EXERCISE DESCRIPTION
Could you copy exactly the lines from the one containing "最近售出: $3,995,000 (6 贝兹, 5 浴室, 5207 平方英尺)" through the last line of the records below, leaving out any pictures?

INFORMATION GIVEN

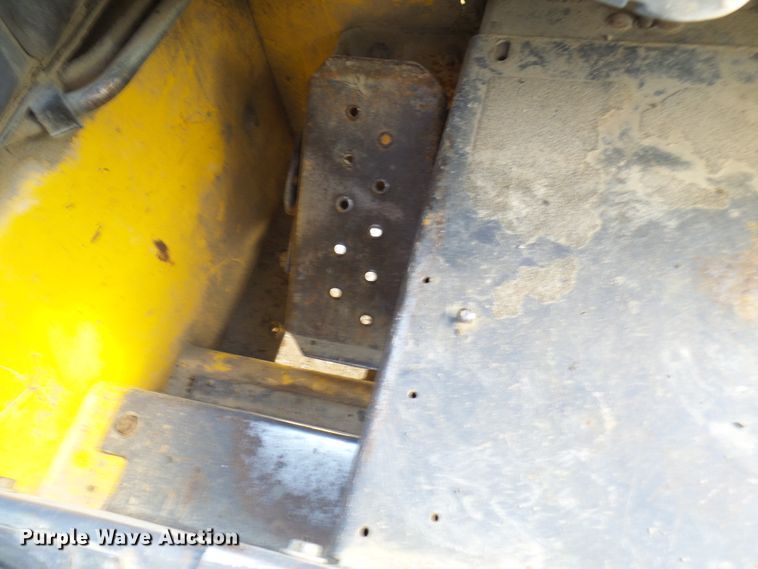 image for item DG2125 2000 New Holland LS170  skid steer loader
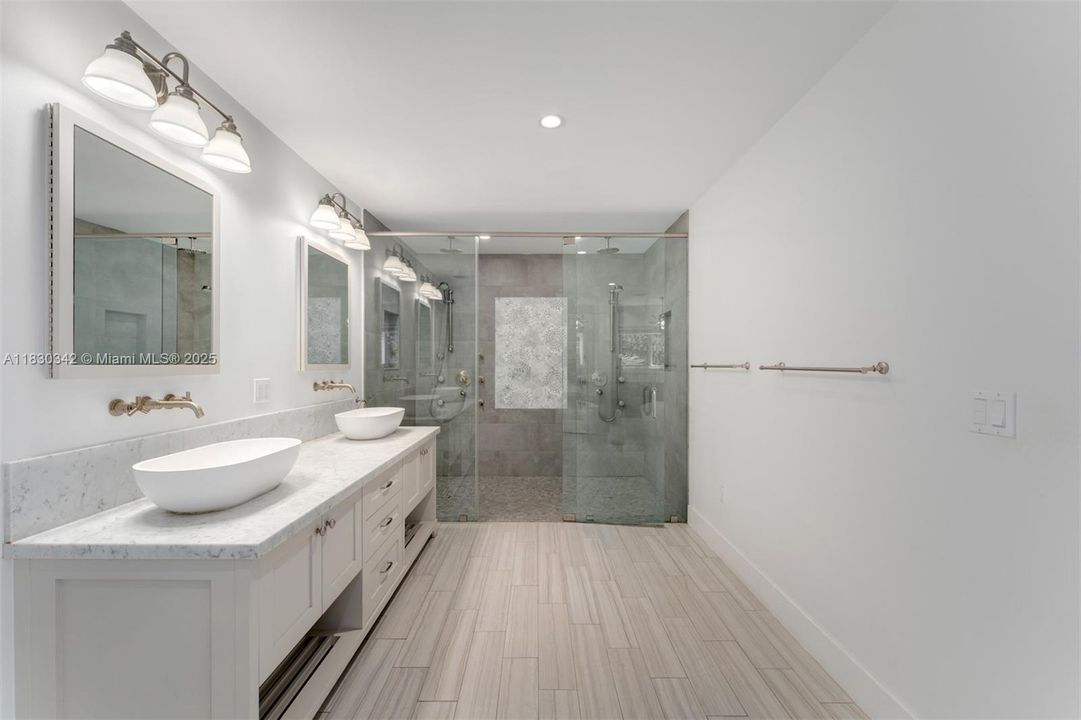 最近售出: $3,995,000 (6 贝兹, 5 浴室, 5207 平方英尺)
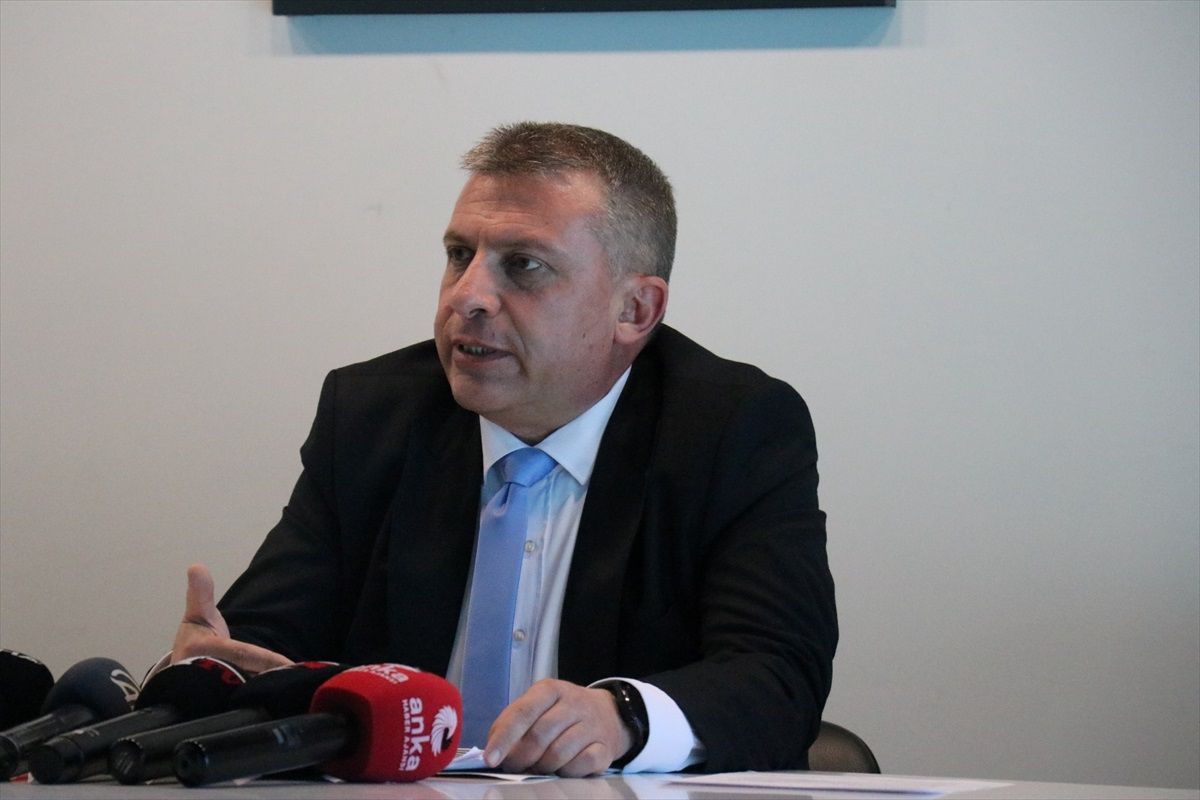 CHP Bolu İl Başkanı, Adalet ve Değişim Yürüyüşü\'nde slogan atan partililerle ilgili şikayet dilekçelerini bildirdi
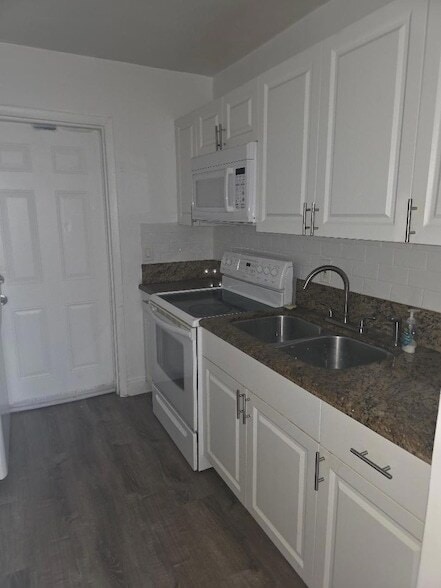 Building Photo - 1123 NW 3rd Ave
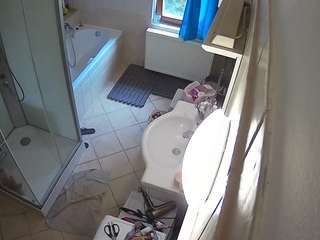 voyeurcam-julmodels-bath-2nd-2 webcam model stream image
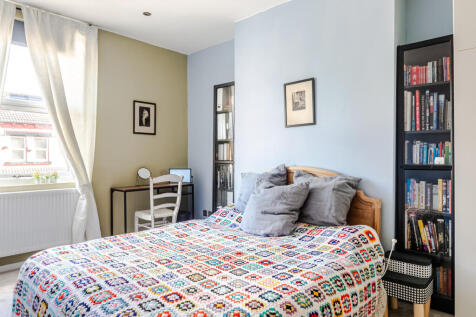 bedroom1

RESPONSE TO THIS EXERCISE
 最近售出: $3,995,000 (6 贝兹, 5 浴室, 5207 平方英尺)
 CHP Bolu İl Başkanı, Adalet ve Değişim Yürüyüşü\'nde slogan atan partililerle ilgili şikayet dilekçelerini bildirdi
 Building Photo - 1123 NW 3rd Ave
 voyeurcam-julmodels-bath-2nd-2 webcam model stream image
 bedroom1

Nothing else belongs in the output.